The council shared highlights from its Sustainability Tracking, Assessment and Rating System (S.T.A.R.S) inventory. The study, conducted over the last year, evaluated NMU’s environmental impact using the previous three years’ data compiled from across departments.

The inventory has earned NMU a bronze certification from the Association for Advancement of Sustainability in Higher Education. S.T.A.R.S is a self-reporting framework for colleges to gauge their performance. Institutions are rated bronze to platinum in their level of sustainability.

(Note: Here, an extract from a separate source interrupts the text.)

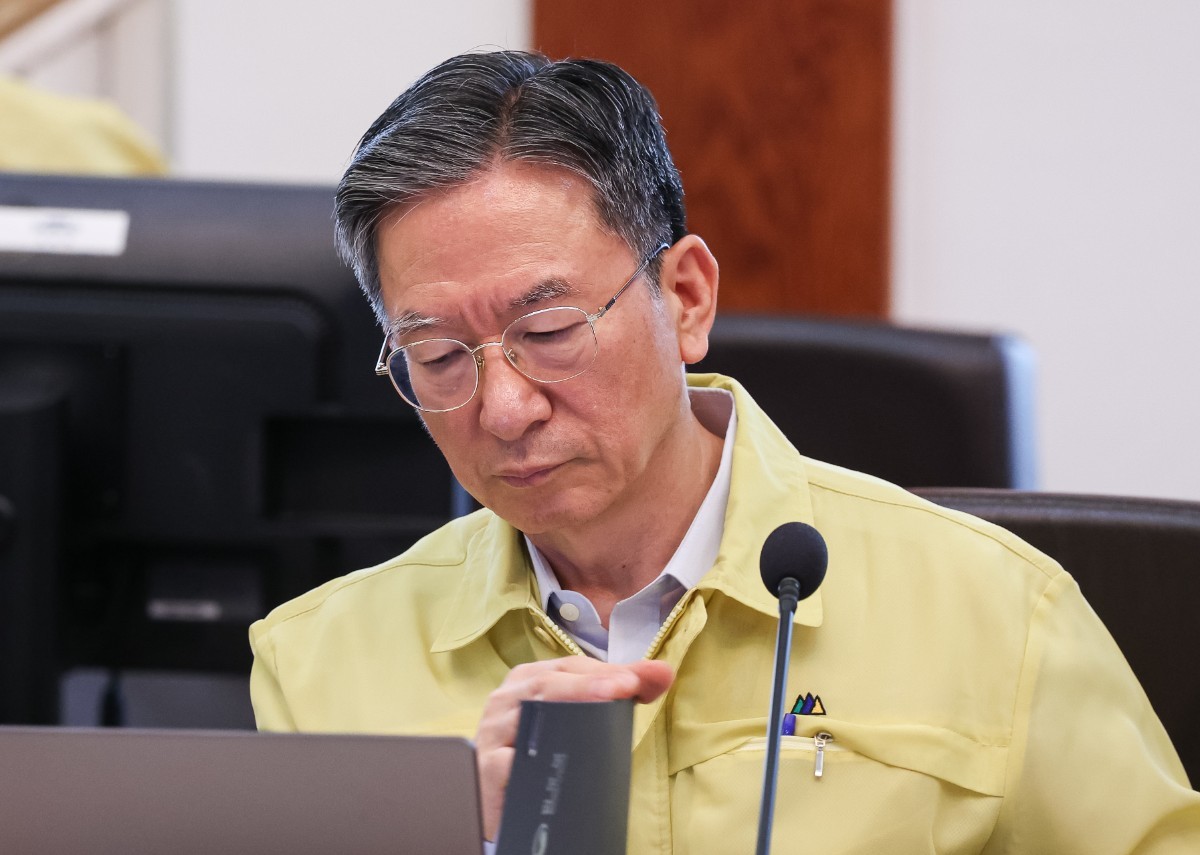 정성호 법무부 장관이 18일 청와대에서 열린 제1회 을지국무회의에 참석해 있다. / 뉴스1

“We want to walk the walk. Let’s put action behind the rhetoric,” Thompson told the audience, mentioning her sustainability efforts at Colorado State University. “I was at a school that started bronze, and when I left we were platinum. We did it because we were strategic.”

The inventory created a baseline for Northern to measure its current state and to plan for future progress. Sustainability was defined as meeting the needs of the present without compromising the ability to meet the needs of future generations.

Along with question-and-answer sessions, 50 short-term and long-term ideas to increase sustainability in several categories were presented. Attendees, about 25 university and community members, were asked to help prioritize these strategies. The goal of the council is to have data-driven recommendations and measurable objectives to present to President Fritz Erickson and the NMU Board of Trustees in April.

“There are clear areas that many [attendees] are passionate about, which is exciting,” Thompson added. “That’s what we wanted, so we can go to [Erickson] and say, ‘These are what are important to us.’” Strategies for sustainability that were clearly popular included: create a sustainability office and staff, including a coordinator; provide academic credit and payment for student “EcoReps” to conduct outreach; institute a compost system; reduce food waste and launch a food recovery network to donate to people in need; buy food from more local farms; and incorporate sustainability learning goals into general university education.

Many of the students in attendance were leaders of campus groups promoting environmental awareness and advocacy, and all attendees showed passion for the cause.

“I’m concerned about sustainability on campus,” said senior ecology major Clare Fastiggi. “I hope these ideas don’t just remain ideas. I hope they’re implemented into actions and that the motivations behind them continue on and are shared by the campus body.”